An important point to address is whether variable $G$ theories can lead to modifications to a vacuum spacetime, such as a black-hole–binary inspiral. In Einstein’s theory, $G$ appears as the coupling constant between geometry, encoded by the Einstein tensor $G μν$ , and matter, encoded by the stress energy tensor $mat T μν$ . When considering vacuum spacetimes, $mat Tμν = 0$ and one might naively conclude that a variable $G$ would not introduce any modification to such spacetimes. In fact, this is the case in scalar-tensor theories (without homogeneous, cosmological solutions to the scalar field equation), where the no-hair theorem establishes that black-hole solutions are not modified. On the other hand, scalar-tensor theories with a cosmological, homogeneous scalar field solution can violate the no-hair theorem, endowing black holes with time-dependent hair, which in turn would introduce variability into $G$ even in vacuum spacetimes [246 *, 236 , 67 *].

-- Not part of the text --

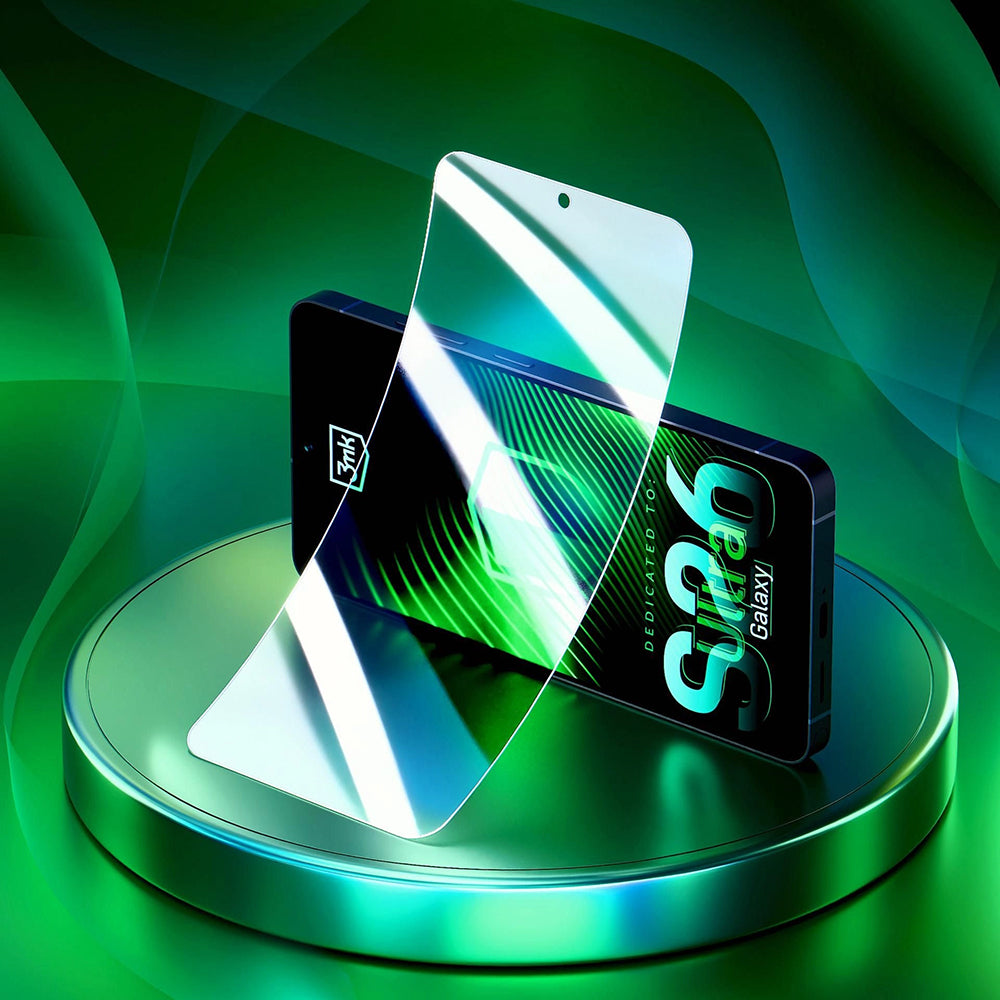 3MK FlexibleGlass Screen Protector for Samsung Galaxy S26 Ultra S948, Flexible Glass, Full Glue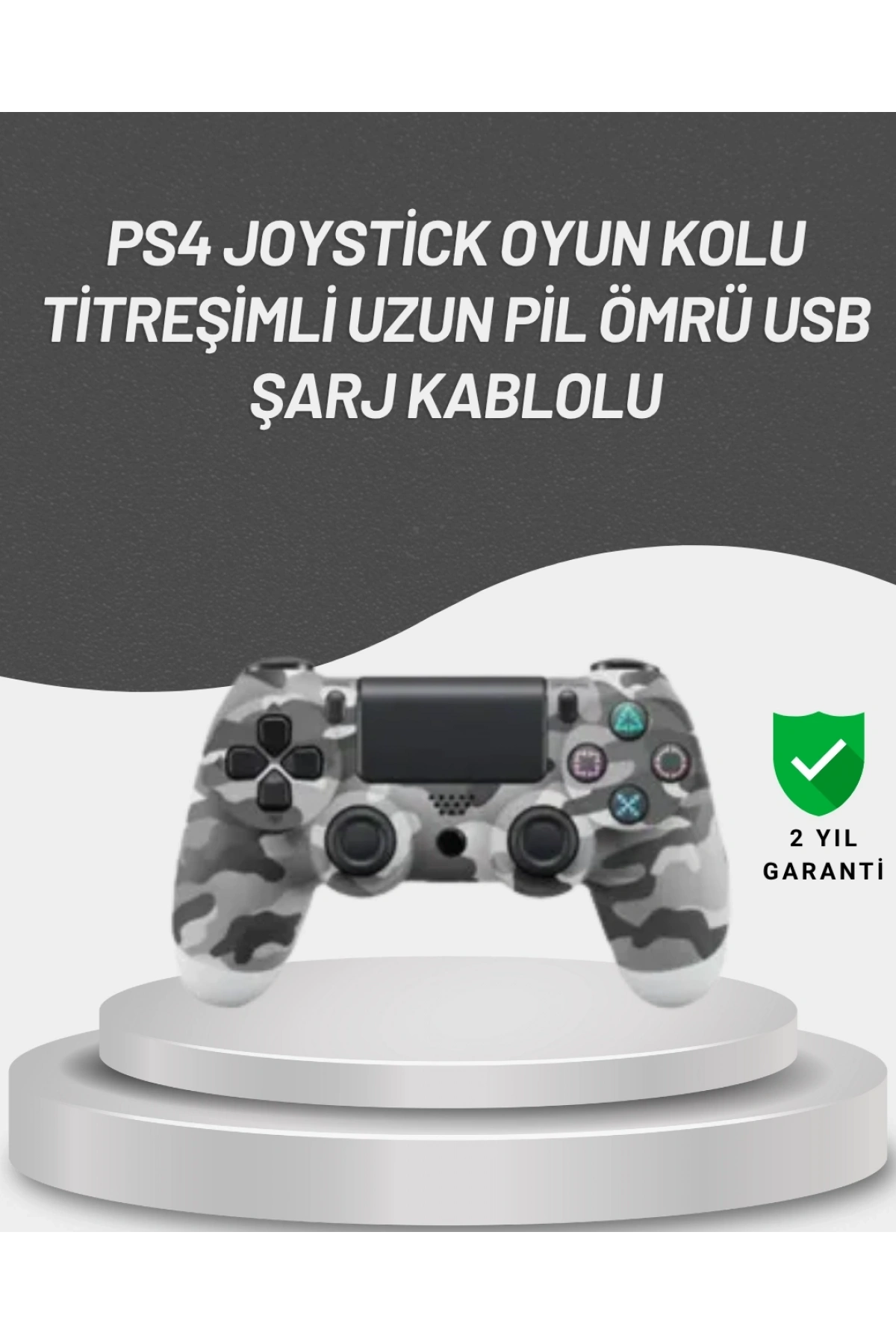 LED Işıklı Oyun Kolu – Durum Göstergeli Şık Tasarım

In general, Newton’s constant plays a much more fundamental role than merely a coupling constant: it defines the relationship between energy and length. For example, for the vacuum Schwarzschild solution, $G$ establishes the relationship between the radius $R$ of the black hole and the rest-mass energy $E$ of the spacetime via $R = 2GE ∕c4$ . Similarly, in a black-hole–binary spacetime, each black hole introduces an energy scale into the problem that is quantified by a specification of Newton’s constant. Therefore, one can treat variable $G$ modifications as induced by some effective theory that modifies the mapping between the curvature scale and the energy scale of the problem, as is done for example in theories with extra dimensions.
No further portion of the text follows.